Franco Buffoni

Le lingue delle madri

Da tre anni qui a Roma ho un compagno
Turco, di etnia curda.
Comunista, torturato in galera,
Conosce gli uomini e la vita divora, quando può.
Qui a pranzo da me in giorno di Ramadan
Mangiò di tutto e con buon appetito.
Poi non so come fu ma gli chiesi
Di mamma e fratelli, di casa.
Li sente una volta al mese, quasi sempre chiamando lui:
“Ieri sera ha chiamato mia madre,
Per dirmi di non mangiare di giorno e di pregare”.

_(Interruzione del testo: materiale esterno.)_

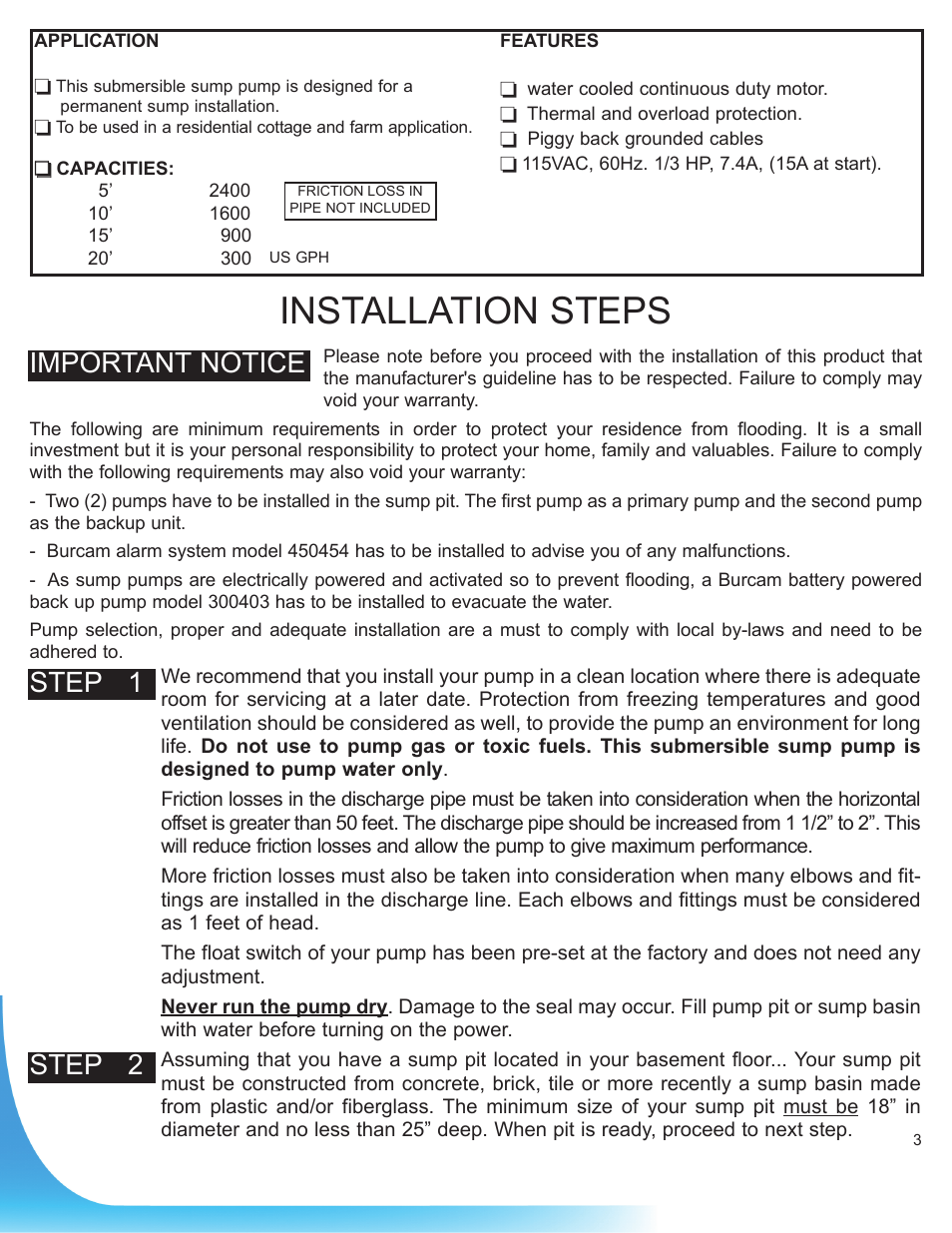 Installation steps, Step 1, Step 2 | Important notice | Burcam 300828 CAST IRON SUBM. SUMP PUMP VERTICAL SWITCH 1/3HP 115V User Manual | Page 3 / 6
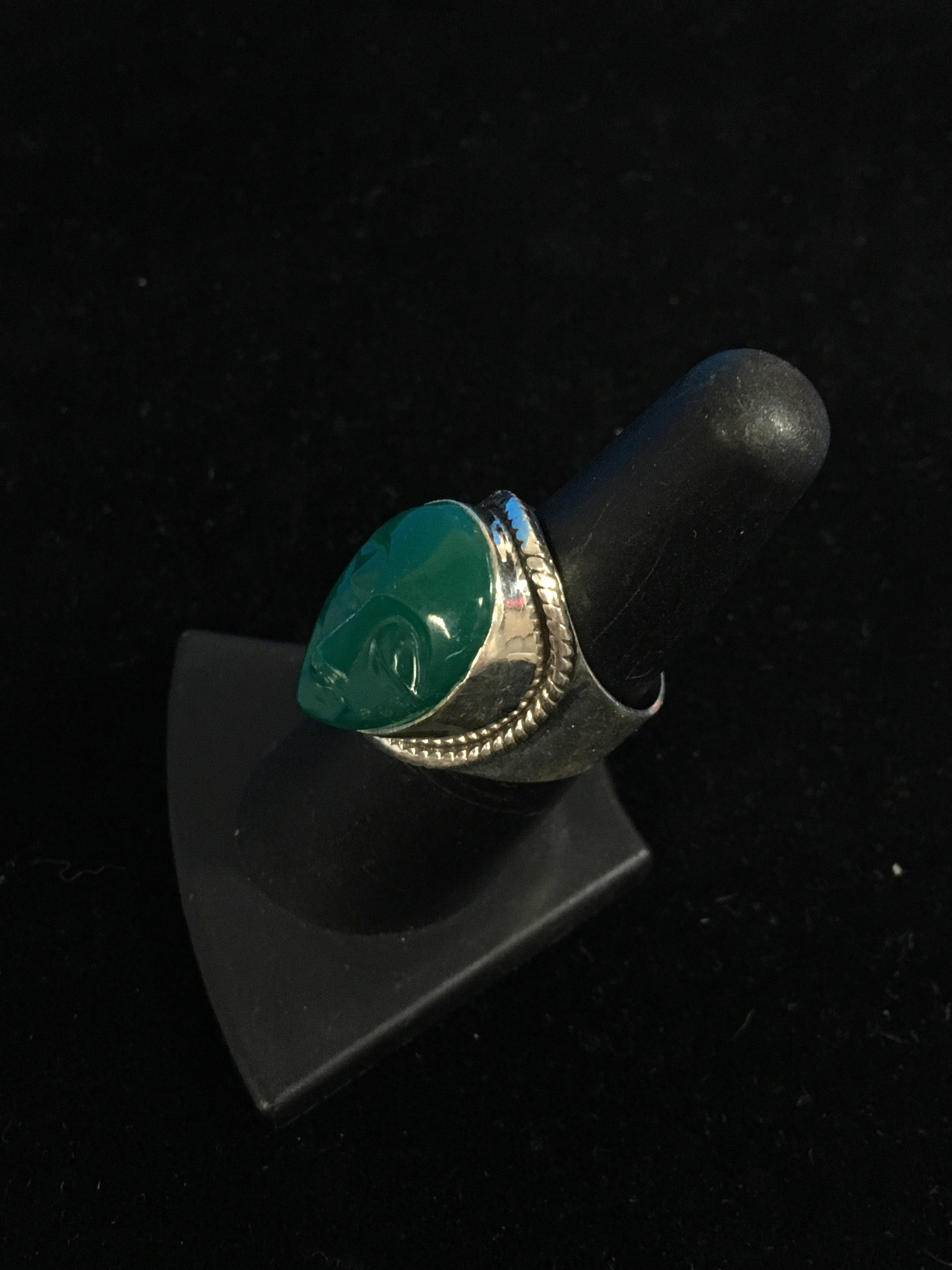 Carved Green Onyx Face Sterling Silver Ring - Size 7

E tu perché mangi? Perché ho fame.
Poi facemmo l’amore molto bene
E alle tre tornò ridendo a monte
Testaccio dai compagni.
 
Quella sera da solo a letto lessi Gwyneth Lewis
Che nel Cyfweliad a’r Bardd
—L’interrogatorio della poetessa -
Ricorda le sue letture di ragazza:
Leggevo storie di scrittori inglesi
Nascoste tra le copertine gallesi.
Funzionò per un po’, finché la mamma
Trovò Dick Francis dentro il Bardd Cwsg
Una sera dopo il tempio. Fui sgridata,
Picchiata. Era una donna pura:
Una lingua per tutta la vita.
 
Non doveva imparare l’inglese Gwyneth Lewis
Perché la mamma voleva il suo bene.
Ricordo che il venerdì santo
Non perché avessi fame
—In casa mia non si digiunava
Ma si osservava il magro– mi comprai
Un etto di prosciutto crudo
E lo mangiai ai giardini. Fui avvistato e la mamma
Ne ebbe tanto dispiacere:
Perché fai queste cose? Non vuoi bene a Gesù?